### TASK TO COMPLETE
All entries are to be transcribed verbatim, but images are not carried over.

Collection entries:

BEGIN

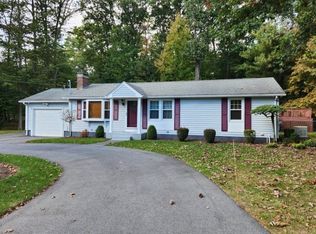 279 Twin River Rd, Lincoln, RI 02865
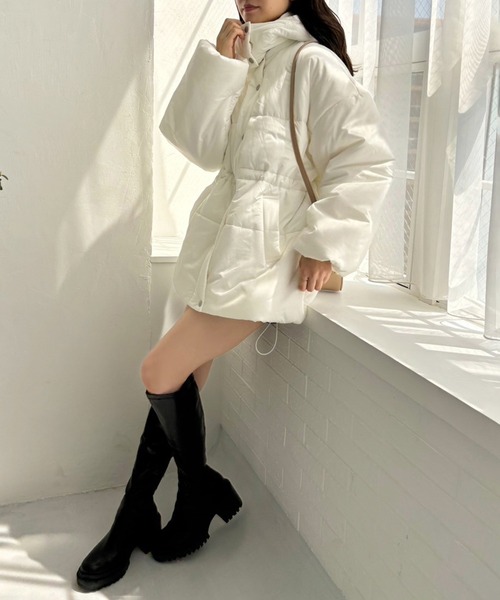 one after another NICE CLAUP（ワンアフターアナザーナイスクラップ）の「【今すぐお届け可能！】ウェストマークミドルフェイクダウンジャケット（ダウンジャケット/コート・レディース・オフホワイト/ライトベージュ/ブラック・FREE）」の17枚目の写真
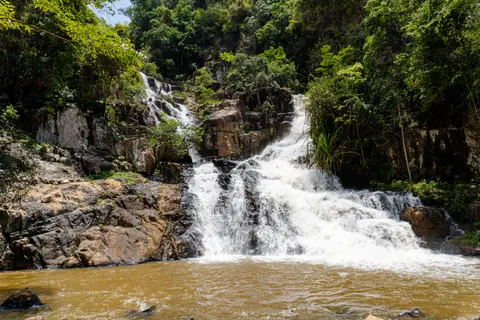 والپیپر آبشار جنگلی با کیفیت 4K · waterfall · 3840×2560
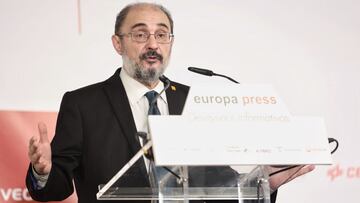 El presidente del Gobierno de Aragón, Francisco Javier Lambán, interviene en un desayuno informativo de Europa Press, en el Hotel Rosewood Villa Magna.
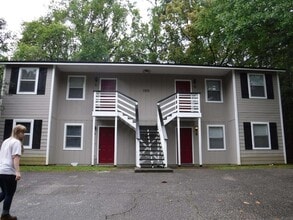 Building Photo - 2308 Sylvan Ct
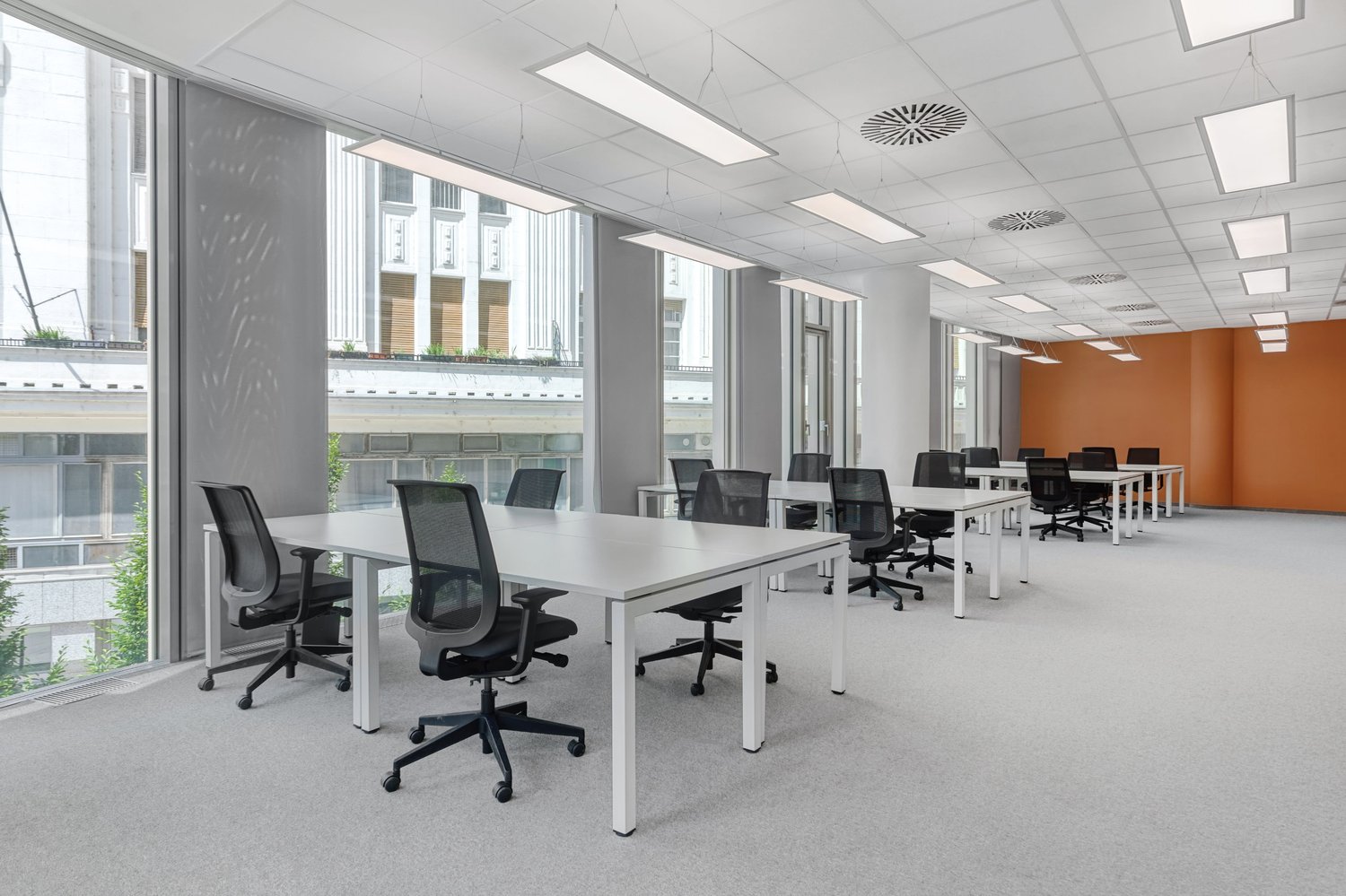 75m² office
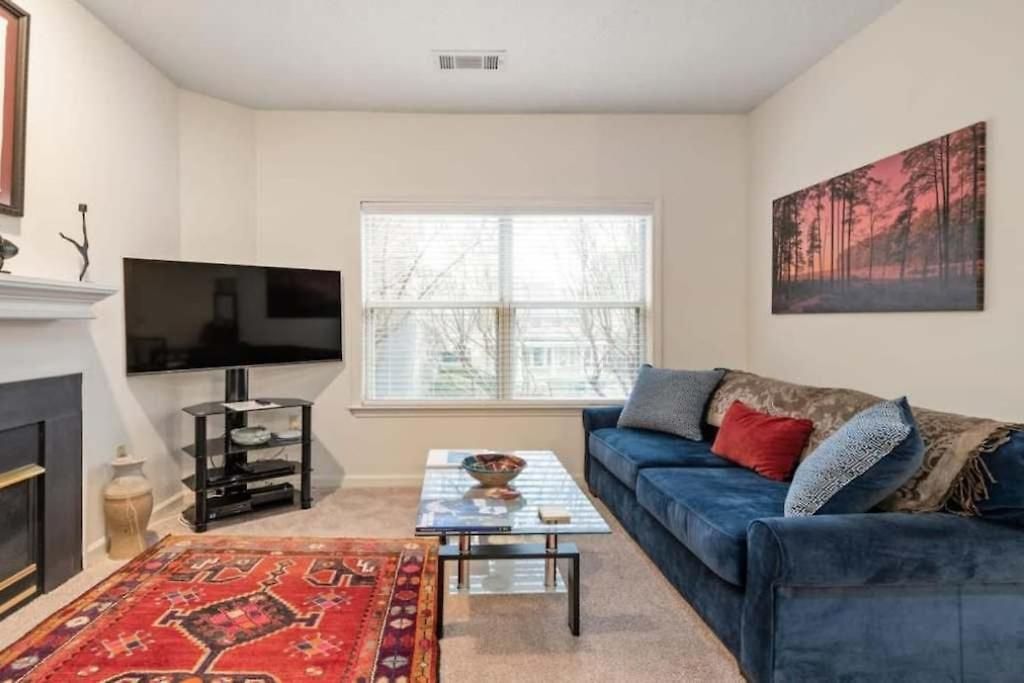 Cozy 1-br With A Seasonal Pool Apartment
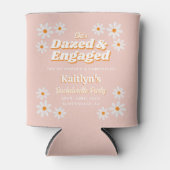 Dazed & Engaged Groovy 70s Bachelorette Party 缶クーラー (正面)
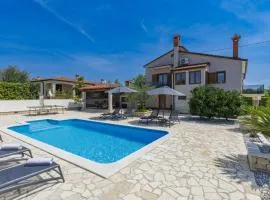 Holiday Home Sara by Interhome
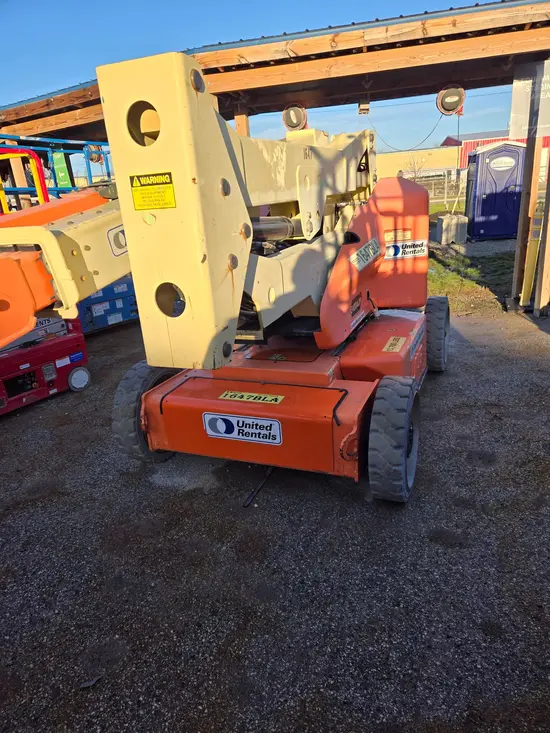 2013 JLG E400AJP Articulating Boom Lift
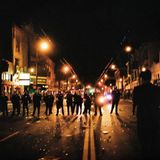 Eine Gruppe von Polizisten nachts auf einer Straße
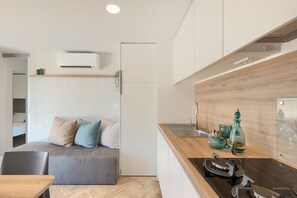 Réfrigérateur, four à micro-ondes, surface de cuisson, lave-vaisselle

END

### TASK OUTPUT
 279 Twin River Rd, Lincoln, RI 02865
 one after another NICE CLAUP（ワンアフターアナザーナイスクラップ）の「【今すぐお届け可能！】ウェストマークミドルフェイクダウンジャケット（ダウンジャケット/コート・レディース・オフホワイト/ライトベージュ/ブラック・FREE）」の17枚目の写真
 والپیپر آبشار جنگلی با کیفیت 4K · waterfall · 3840×2560
 El presidente del Gobierno de Aragón, Francisco Javier Lambán, interviene en un desayuno informativo de Europa Press, en el Hotel Rosewood Villa Magna.
 Building Photo - 2308 Sylvan Ct
 75m² office
 Cozy 1-br With A Seasonal Pool Apartment
 Dazed & Engaged Groovy 70s Bachelorette Party 缶クーラー (正面)
 Holiday Home Sara by Interhome
 2013 JLG E400AJP Articulating Boom Lift
 Eine Gruppe von Polizisten nachts auf einer Straße
 Réfrigérateur, four à micro-ondes, surface de cuisson, lave-vaisselle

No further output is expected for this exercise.